Given material:
————
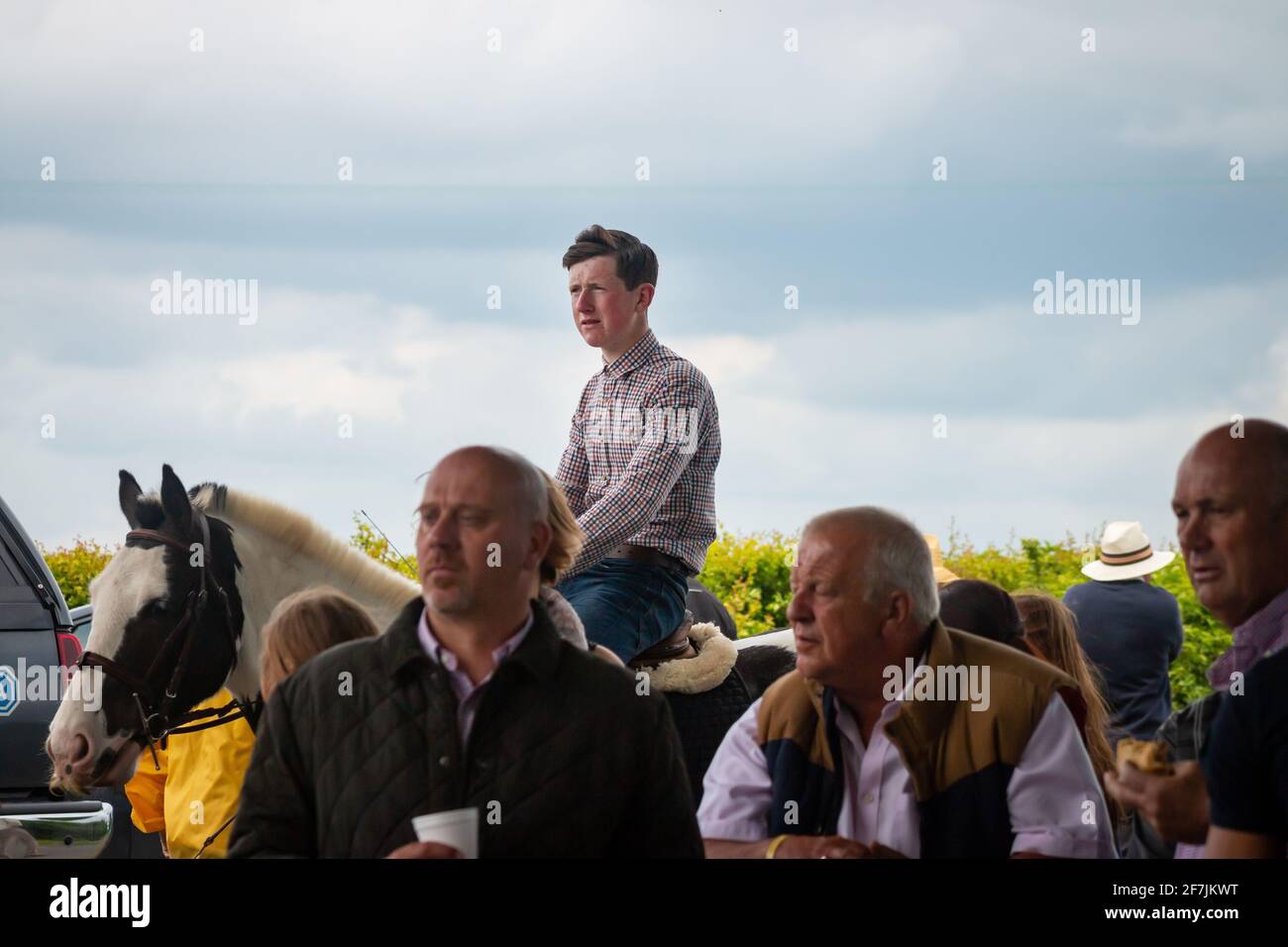 Junger Zigeuner Romany Reisender Mann auf dem Pferderücken bei Appleby Horse Fair Cumbria Stockfoto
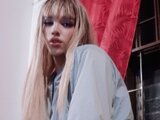 JunSora shows ass naked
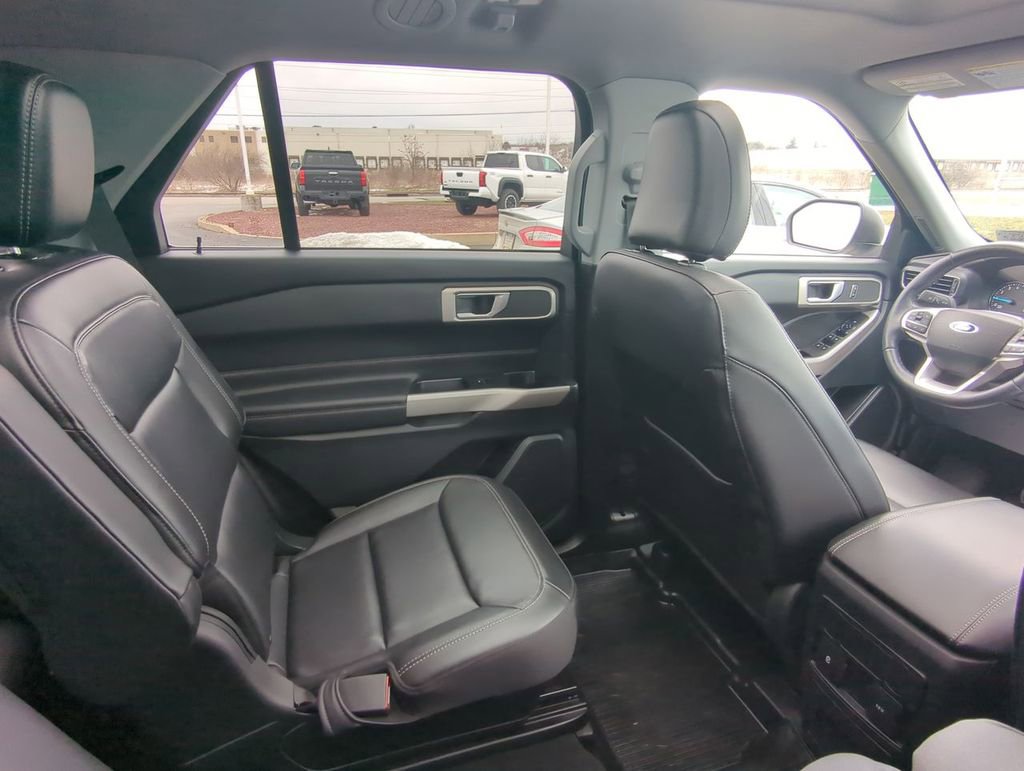 Used 2023 Ford Explorer XLT w/ Equipment Group 202A image 15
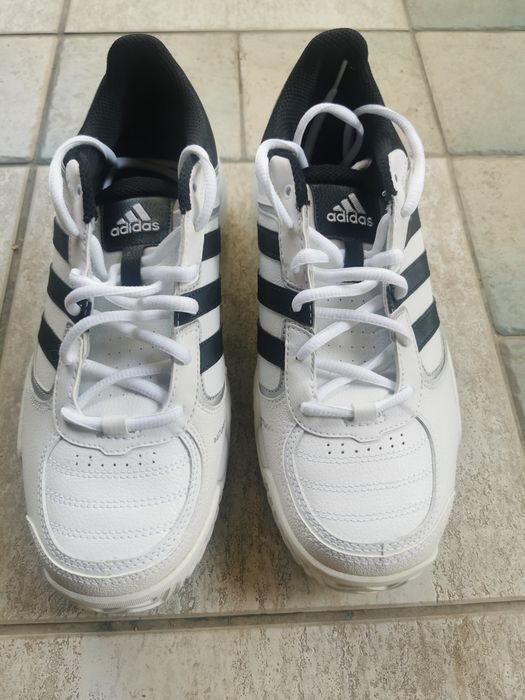 42 Номер спортни мъжки обувки Adidas Tour CLS (D)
————
Task details:
Would it be possible to give the material above again exactly, with the pictures left out?

Response to the task:
 Junger Zigeuner Romany Reisender Mann auf dem Pferderücken bei Appleby Horse Fair Cumbria Stockfoto
 JunSora shows ass naked
 Used 2023 Ford Explorer XLT w/ Equipment Group 202A image 15
 42 Номер спортни мъжки обувки Adidas Tour CLS (D)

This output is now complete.